* Directions *
Transcribe each entry in full, and leave the images out.

[[ Materials provided, beginning ]]

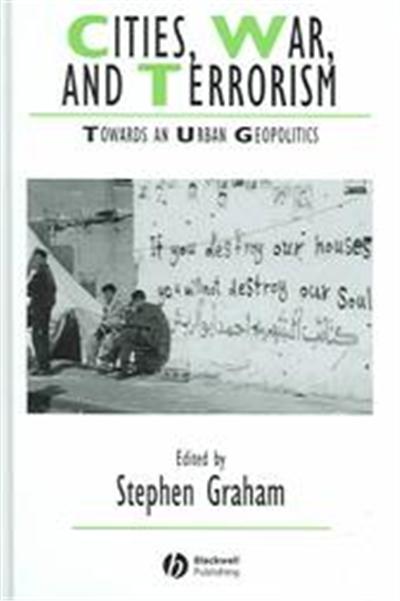 Cities, War And Terrorism, Studies in Urban and Social Change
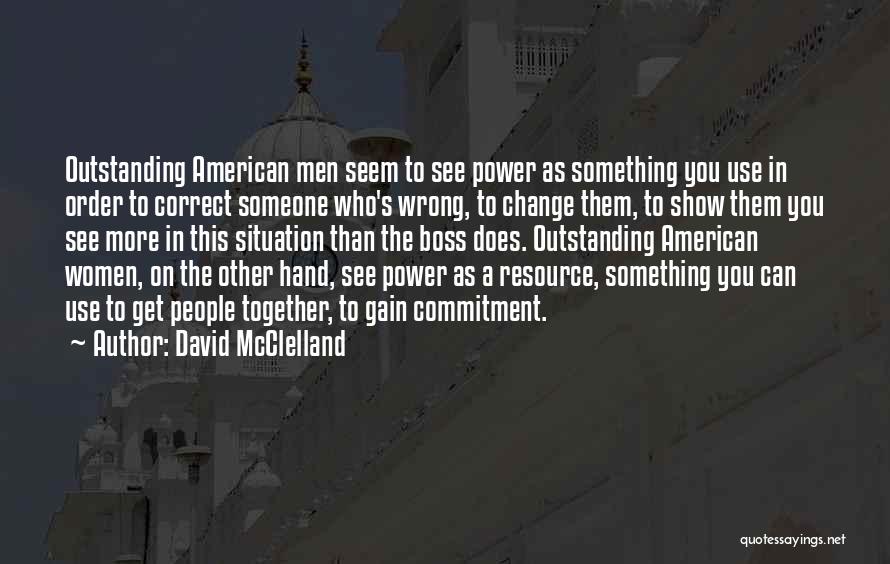 Change The Situation Quotes By David McClelland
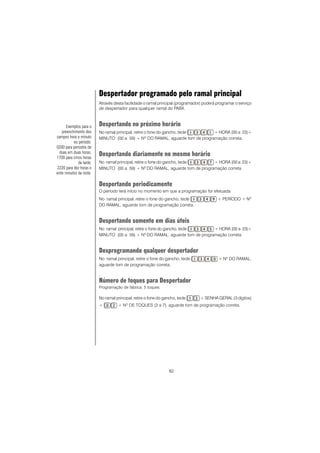 82
Despertador programado pelo ramal principal
Através desta facilidade o ramal principal (programador) poderá programar o serviço
de despertador para qualquer ramal do PABX.
Despertando no próximo horário
No ramal principal, retire o fone do gancho, tecle + HORA (00 a 23)+
MINUTO (00 a 59) + NO
DO RAMAL, aguarde tom de programação correta.
Despertando diariamente no mesmo horário
No ramal principal, retire o fone do gancho, tecle + HORA (00 a 23)+
MINUTO (00 a 59) + NO
DO RAMAL, aguarde tom de programação correta.
Despertando periodicamente
O período terá início no momento em que a programação for efetuada.
No ramal principal, retire o fone do gancho, tecle + PERÍODO + NO
DO RAMAL, aguarde tom de programação correta.
Despertando somente em dias úteis
No ramal principal, retire o fone do gancho, tecle + HORA (00 a 23)+
MINUTO (00 a 59) + NO
DO RAMAL, aguarde tom de programação correta.
Desprogramando qualquer despertador
No ramal principal, retire o fone do gancho, tecle + Nº DO RAMAL,
aguarde tom de programação correta.
Número de toques para Despertador
Programação de fábrica: 5 toques.
No ramal principal, retire o fone do gancho, tecle + SENHA GERAL (3 dígitos)
+ + NO
DE TOQUES (3 a 7), aguarde tom de programação correta.
Exemplos para o
preenchimento dos
campos hora e minuto
ou período:
0200 para períodos de
duas em duas horas;
1700 para cinco horas
da tarde;
2220 para dez horas e
vinte minutos da noite.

[[ Materials provided, end ]]

* Worked solution *
 Cities, War And Terrorism, Studies in Urban and Social Change
 Change The Situation Quotes By David McClelland
 82
Despertador programado pelo ramal principal
Através desta facilidade o ramal principal (programador) poderá programar o serviço
de despertador para qualquer ramal do PABX.
Despertando no próximo horário
No ramal principal, retire o fone do gancho, tecle + HORA (00 a 23)+
MINUTO (00 a 59) + NO
DO RAMAL, aguarde tom de programação correta.
Despertando diariamente no mesmo horário
No ramal principal, retire o fone do gancho, tecle + HORA (00 a 23)+
MINUTO (00 a 59) + NO
DO RAMAL, aguarde tom de programação correta.
Despertando periodicamente
O período terá início no momento em que a programação for efetuada.
No ramal principal, retire o fone do gancho, tecle + PERÍODO + NO
DO RAMAL, aguarde tom de programação correta.
Despertando somente em dias úteis
No ramal principal, retire o fone do gancho, tecle + HORA (00 a 23)+
MINUTO (00 a 59) + NO
DO RAMAL, aguarde tom de programação correta.
Desprogramando qualquer despertador
No ramal principal, retire o fone do gancho, tecle + Nº DO RAMAL,
aguarde tom de programação correta.
Número de toques para Despertador
Programação de fábrica: 5 toques.
No ramal principal, retire o fone do gancho, tecle + SENHA GERAL (3 dígitos)
+ + NO
DE TOQUES (3 a 7), aguarde tom de programação correta.
Exemplos para o
preenchimento dos
campos hora e minuto
ou período:
0200 para períodos de
duas em duas horas;
1700 para cinco horas
da tarde;
2220 para dez horas e
vinte minutos da noite.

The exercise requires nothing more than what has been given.